A ação ajuizada por Nadir Alexandrina Nunes pretende despejar os indígenas do imóvel chamado de Conjunto Santa Maria, incidente sobre a Terra Indígena. A demanda havia sido levada à Procuradoria da Funai pela Coordenação Técnica Local de Ilhéus. No despacho, o presidente da Funai se baseia no seguinte argumento: cabe aos “indígenas integrados” responder pelos seus atos porque trata-se de invasão à propriedade privada. Conforme o documento, o caso em tela “abarca atos de violação da posse praticados por indígenas a propriedades particulares, situadas dentro ou fora de perímetro demarcável, ou seja, em estudo ou não de identificação e delimitação”.
“É uma imoralidade. Não dá pra ser aceito de nenhum jeito. O presidente da Funai está agindo inconstitucionalmente. Não cabe a ele tomar essa decisão.
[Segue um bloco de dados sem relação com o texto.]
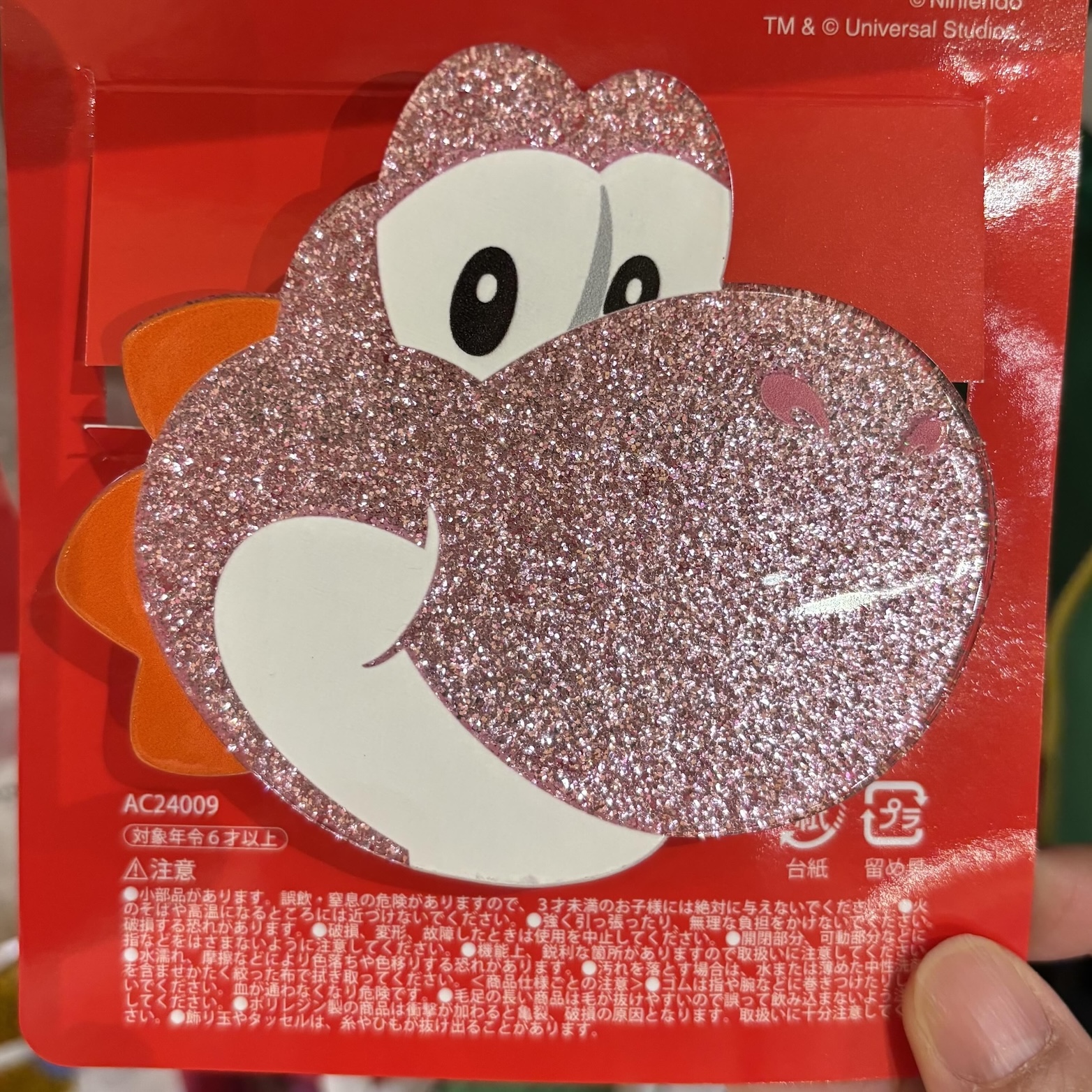 Order] USJ Nintendo World Yoshi Princess Peach Large Hair Clip
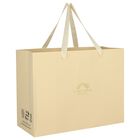 طقم هدايا اطفال للعيد باللون العاجي , 1, hi-res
A Constituição diz que cabe ao governo demarcar e proteger as áreas indígenas. Cabe à Funai, que é o órgão do governo responsável por isso, cumprir parte disso. Não pode violar a Constituição. Está empurrando os indígenas como se fossem um grupo de sem-terra. Isso é muito grave”, ataca o cacique Babau Tupinambá.
O cacique explica que a sua aldeia, a Serra do Padeiro, está como o alvo da ação de reintegração, mas a área em litígio fica na aldeia Serra das Trempes. “Estive com o cacique lá, nos reunimos. Vamos tomar as decisões em conjunto, um ajudando o outro”, diz.
“É uma imoralidade. Não dá pra ser aceito de nenhum jeito. O presidente da Funai está agindo inconstitucionalmente. Não cabe a ele tomar essa decisão”, afirma cacique Babau Tupinambá
Para o assessor jurídico do Conselho Indigenista Missionário (Cimi), Adelar Cupsinski, a decisão da Procuradoria e do presidente da Funai “está em completa desarmonia com o sentido da Constituição Federal de 1988 e da jurisprudência do Supremo Tribunal Federal (STF)”. Cupsinski explica que não existe mais a diferenciação entre indígenas integrados ou não integrados. “Isso não existe mais, todos são índios para a proteção de direitos. Se trata de uma interpretação que consta no Estatuto do Índio de 1973, mas que não foi recepcionada pela Constituição”, diz.
Em uma outra parte do despacho, o presidente da Funai assinala que a tese da tutela absoluta não teria sido recepcionada pela Constituição. Portanto, a Funai não teria a obrigação de defender os indígenas na medida em que eles podem se defender judicialmente, ou seja, não são tutelados. Cupsinski afirma que de fato os indígenas não dependem mais que apenas a Funai os represente judicialmente, mas rechaça o argumento apresentado pelo órgão indigenista no despacho.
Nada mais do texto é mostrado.